Supplied records Start Marker

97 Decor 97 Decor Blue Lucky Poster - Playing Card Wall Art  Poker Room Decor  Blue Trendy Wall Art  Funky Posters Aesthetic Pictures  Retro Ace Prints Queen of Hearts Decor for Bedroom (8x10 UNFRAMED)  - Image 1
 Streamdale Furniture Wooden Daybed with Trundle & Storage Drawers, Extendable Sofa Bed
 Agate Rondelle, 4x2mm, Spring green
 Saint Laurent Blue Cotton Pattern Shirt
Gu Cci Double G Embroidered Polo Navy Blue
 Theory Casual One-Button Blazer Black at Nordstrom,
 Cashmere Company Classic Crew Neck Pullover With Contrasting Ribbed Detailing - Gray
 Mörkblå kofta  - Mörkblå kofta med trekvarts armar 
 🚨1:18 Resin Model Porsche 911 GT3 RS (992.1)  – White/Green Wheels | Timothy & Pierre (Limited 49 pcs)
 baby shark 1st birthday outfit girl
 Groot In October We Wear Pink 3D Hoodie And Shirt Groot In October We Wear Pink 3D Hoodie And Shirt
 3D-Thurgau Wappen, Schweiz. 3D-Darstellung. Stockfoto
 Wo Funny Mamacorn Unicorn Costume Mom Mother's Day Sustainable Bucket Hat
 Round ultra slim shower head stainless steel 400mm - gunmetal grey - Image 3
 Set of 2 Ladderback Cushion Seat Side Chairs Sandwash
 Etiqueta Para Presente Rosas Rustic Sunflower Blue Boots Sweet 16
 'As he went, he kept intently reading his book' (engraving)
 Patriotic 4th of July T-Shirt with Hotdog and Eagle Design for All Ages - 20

Supplied records End Marker

Write the whole of the material out again, exactly.

97 Decor 97 Decor Blue Lucky Poster - Playing Card Wall Art  Poker Room Decor  Blue Trendy Wall Art  Funky Posters Aesthetic Pictures  Retro Ace Prints Queen of Hearts Decor for Bedroom (8x10 UNFRAMED)  - Image 1
 Streamdale Furniture Wooden Daybed with Trundle & Storage Drawers, Extendable Sofa Bed
 Agate Rondelle, 4x2mm, Spring green
 Saint Laurent Blue Cotton Pattern Shirt
Gu Cci Double G Embroidered Polo Navy Blue
 Theory Casual One-Button Blazer Black at Nordstrom,
 Cashmere Company Classic Crew Neck Pullover With Contrasting Ribbed Detailing - Gray
 Mörkblå kofta  - Mörkblå kofta med trekvarts armar 
 🚨1:18 Resin Model Porsche 911 GT3 RS (992.1)  – White/Green Wheels | Timothy & Pierre (Limited 49 pcs)
 baby shark 1st birthday outfit girl
 Groot In October We Wear Pink 3D Hoodie And Shirt Groot In October We Wear Pink 3D Hoodie And Shirt
 3D-Thurgau Wappen, Schweiz. 3D-Darstellung. Stockfoto
 Wo Funny Mamacorn Unicorn Costume Mom Mother's Day Sustainable Bucket Hat
 Round ultra slim shower head stainless steel 400mm - gunmetal grey - Image 3
 Set of 2 Ladderback Cushion Seat Side Chairs Sandwash
 Etiqueta Para Presente Rosas Rustic Sunflower Blue Boots Sweet 16
 'As he went, he kept intently reading his book' (engraving)
 Patriotic 4th of July T-Shirt with Hotdog and Eagle Design for All Ages - 20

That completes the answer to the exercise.